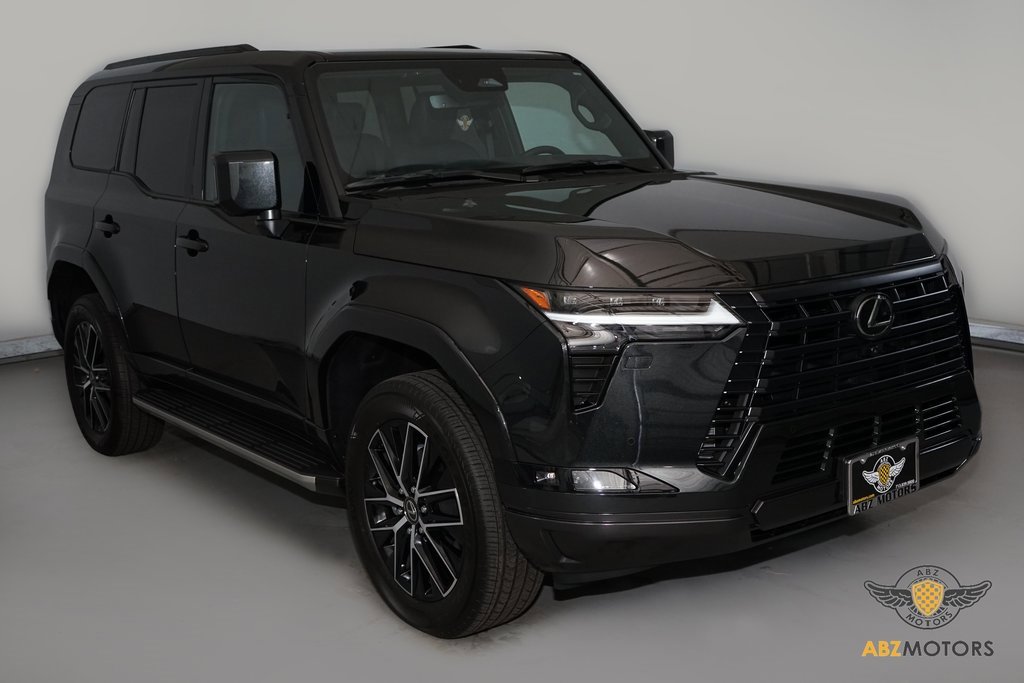 Used 2025 Lexus GX 550 image 2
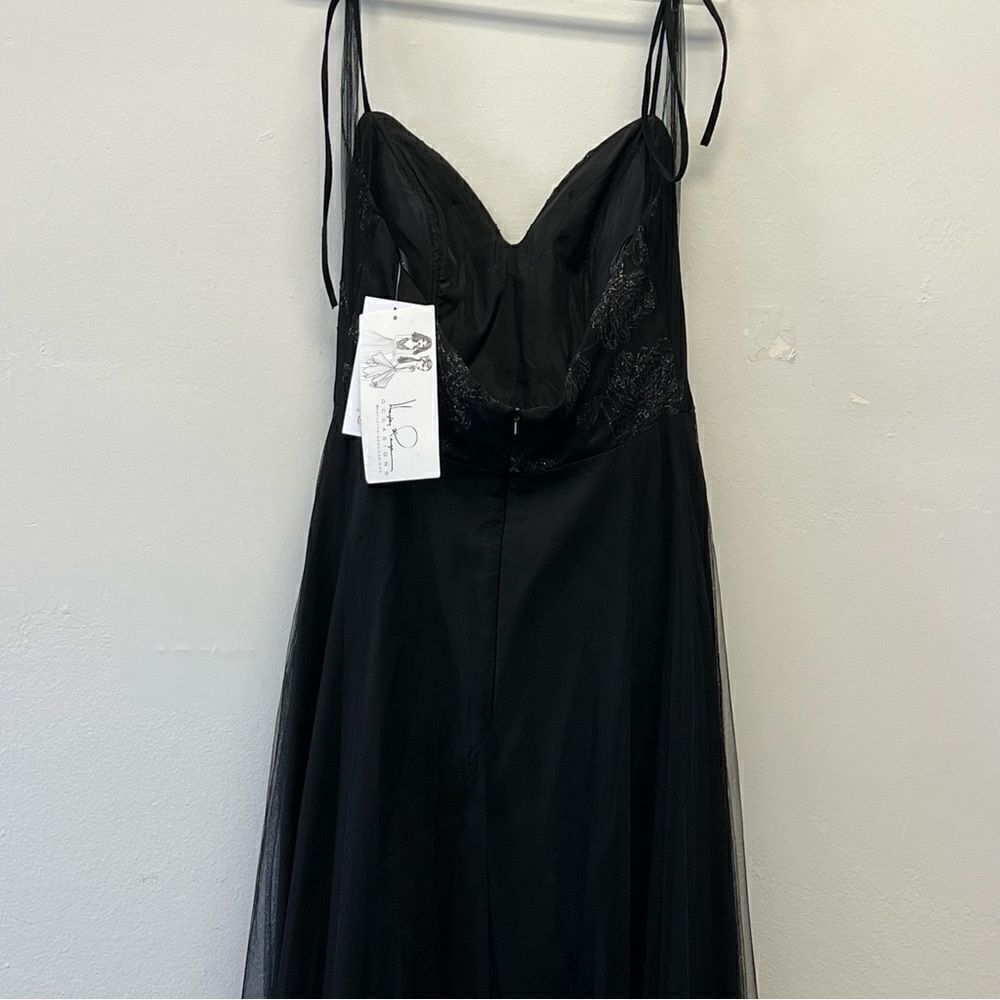 Hayley Paige Occasions Bridesmaid Gown Style 5903 Black, Size 8 - Picture 6 of 15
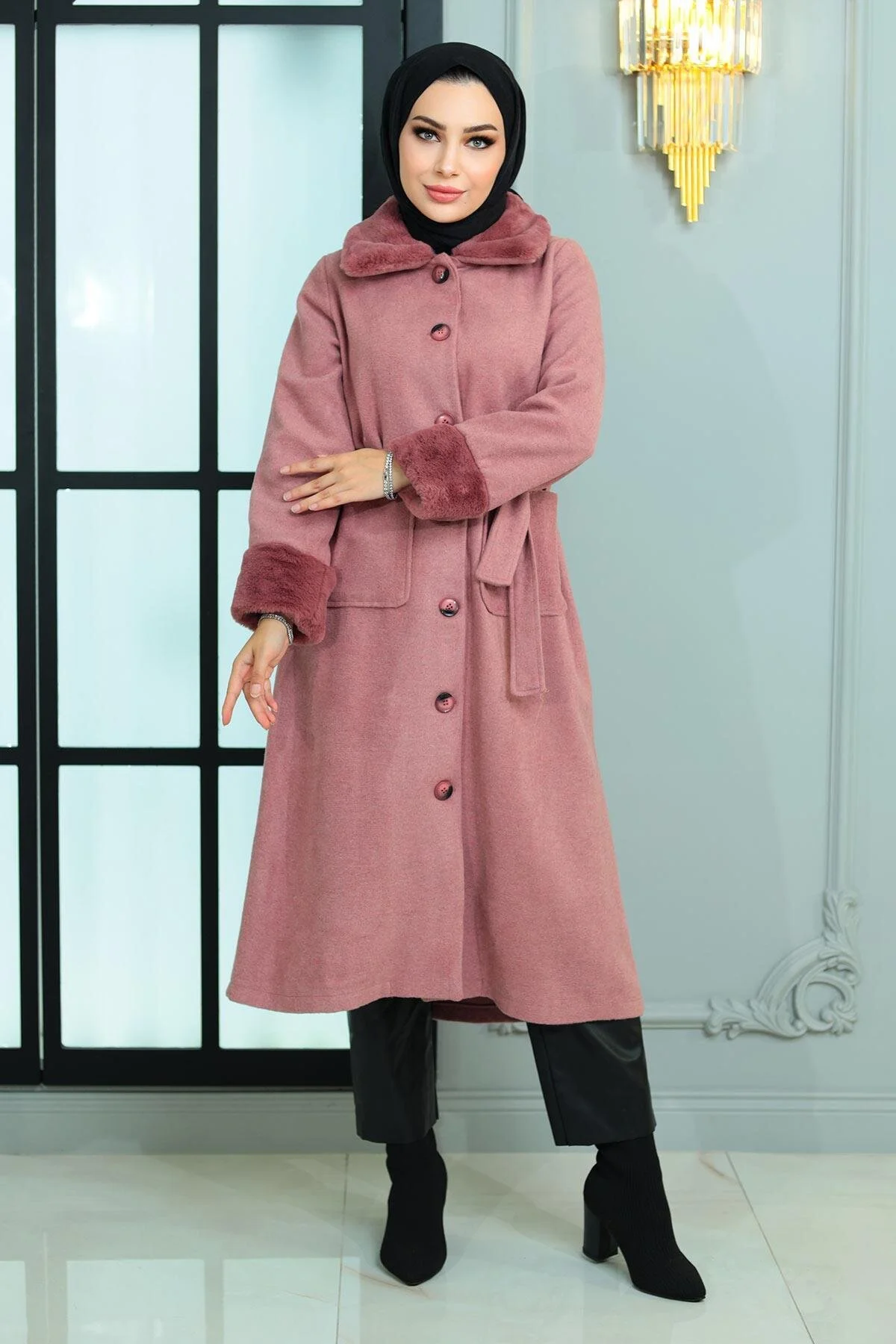 Bild von Modamihram Pelzdetaillierter Kachet-mantel Dusty Rose für Damen - 38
#####
*THE TASK*: Your copy should run from the line that has "Hayley Paige Occasions Bridesmaid" through the last line above, exactly, with both ends in and pictures out.

*TASK RESULT*:
 Hayley Paige Occasions Bridesmaid Gown Style 5903 Black, Size 8 - Picture 6 of 15
 Bild von Modamihram Pelzdetaillierter Kachet-mantel Dusty Rose für Damen - 38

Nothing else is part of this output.